When you reach a picture, skip it, and retype every line below exactly.

##### INFORMATION PROVIDED #####

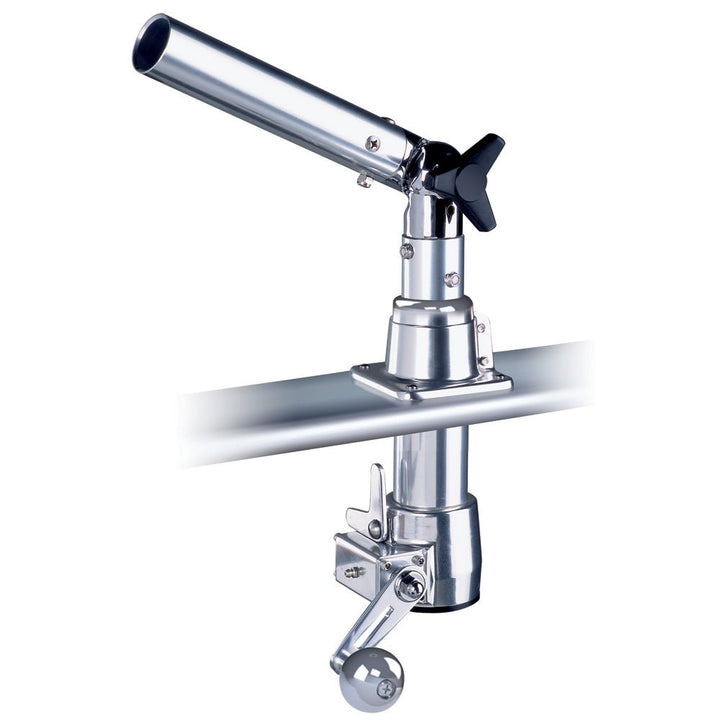 Rupp Z-30 Top Gun Bolt-in Outrigger Holders [A0-TPGN-Z30] - Houseboatparts.com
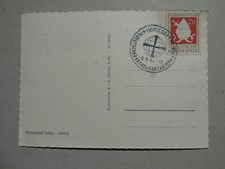 Postkarte, Ansichtskarte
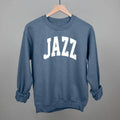 Jazz Arch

#####

**COMPLETED TASK:**
 Rupp Z-30 Top Gun Bolt-in Outrigger Holders [A0-TPGN-Z30] - Houseboatparts.com
 Postkarte, Ansichtskarte
 Jazz Arch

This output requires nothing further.